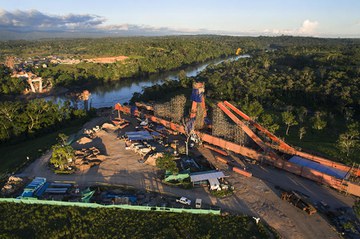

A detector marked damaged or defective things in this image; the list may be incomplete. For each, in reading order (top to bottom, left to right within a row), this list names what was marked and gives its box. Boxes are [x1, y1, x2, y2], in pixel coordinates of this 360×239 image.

rusty steel structure [114, 82, 360, 196]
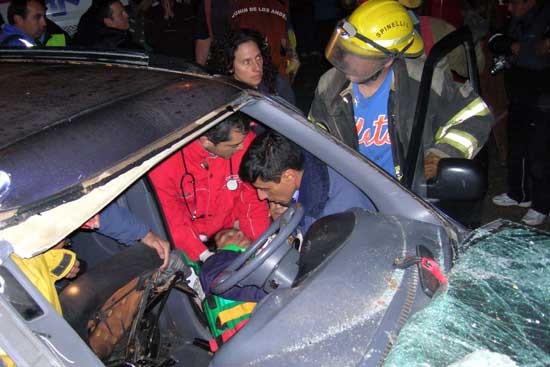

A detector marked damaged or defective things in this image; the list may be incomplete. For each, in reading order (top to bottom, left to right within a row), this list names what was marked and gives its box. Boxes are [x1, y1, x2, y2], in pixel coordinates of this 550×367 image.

shattered windshield [386, 220, 548, 366]
broken glass [386, 220, 548, 366]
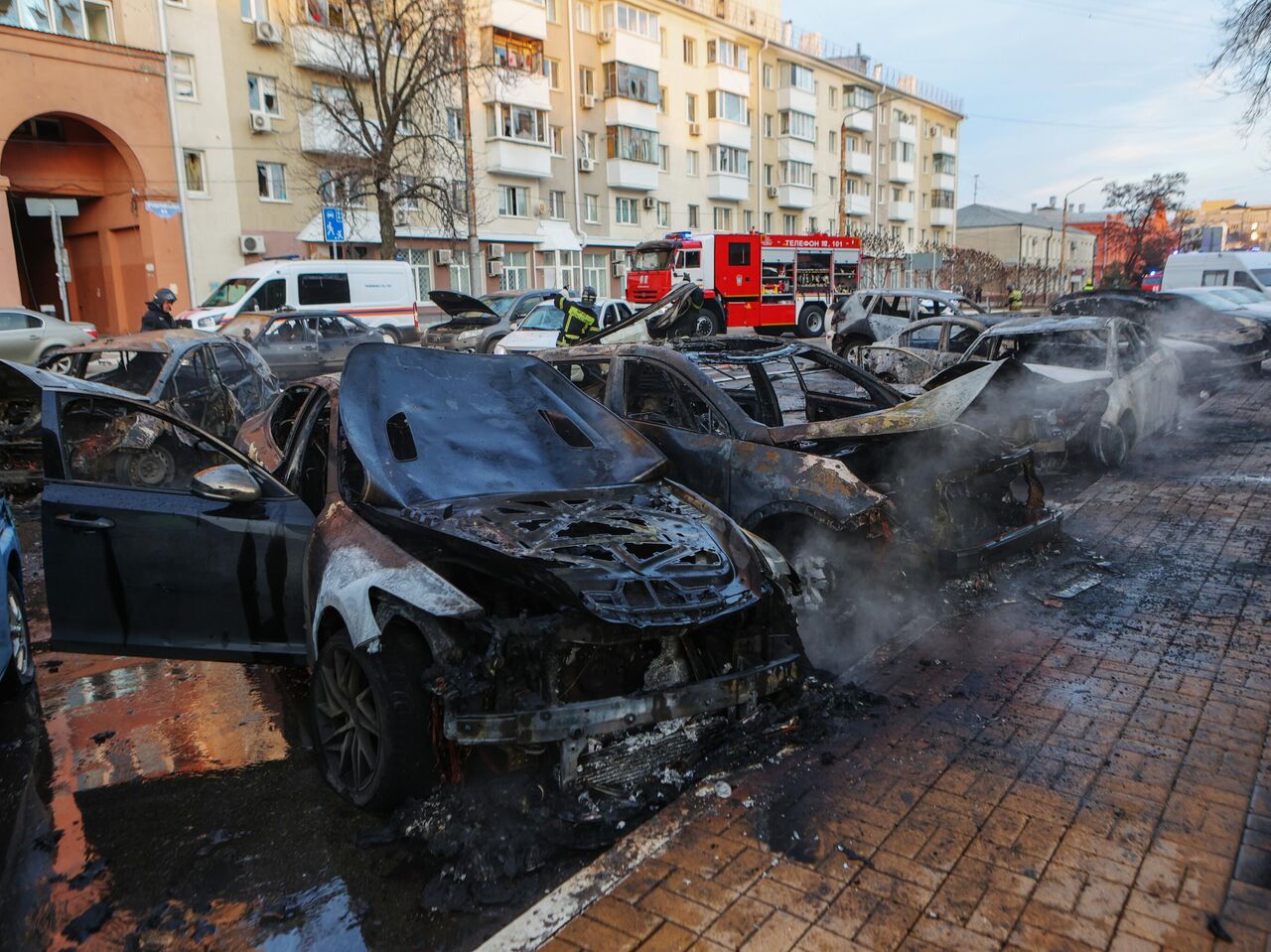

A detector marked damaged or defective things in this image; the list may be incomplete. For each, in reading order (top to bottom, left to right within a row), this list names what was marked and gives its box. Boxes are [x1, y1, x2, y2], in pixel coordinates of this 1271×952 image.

burnt tire [0, 572, 33, 696]
burned car [0, 328, 277, 490]
charred car body [0, 328, 277, 490]
burnt tire [311, 627, 437, 808]
burned car [10, 345, 797, 808]
charred car body [10, 345, 797, 808]
burnt car roof [343, 342, 670, 508]
black burnt car hood [338, 345, 768, 627]
burned car [536, 336, 1062, 572]
burnt tire [797, 305, 828, 338]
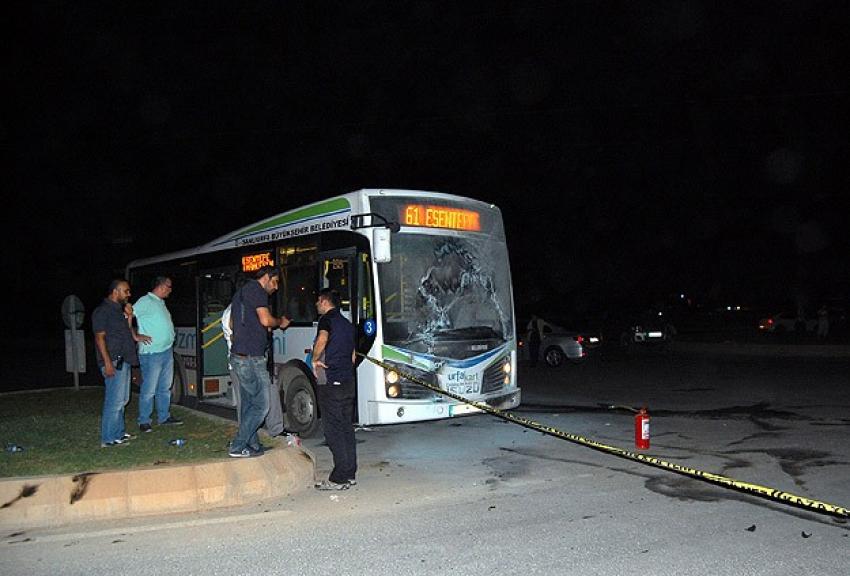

*****

- Assigned task: Nothing but the lines from the one holding "this 1271×952 image." through the final line of the entries should be retyped, exactly as they stand and without pictures.

- Completed exercise:
A detector marked damaged or defective things in this image; the list may be incomplete. For each, in reading order (top to bottom, left to right within a row), this list names what was marked and gives its box. Boxes are [x1, y1, x2, y2], in pixel coordinates of this 1271×952 image.

burnt tire [0, 572, 33, 696]
burned car [0, 328, 277, 490]
charred car body [0, 328, 277, 490]
burnt tire [311, 627, 437, 808]
burned car [10, 345, 797, 808]
charred car body [10, 345, 797, 808]
burnt car roof [343, 342, 670, 508]
black burnt car hood [338, 345, 768, 627]
burned car [536, 336, 1062, 572]
burnt tire [797, 305, 828, 338]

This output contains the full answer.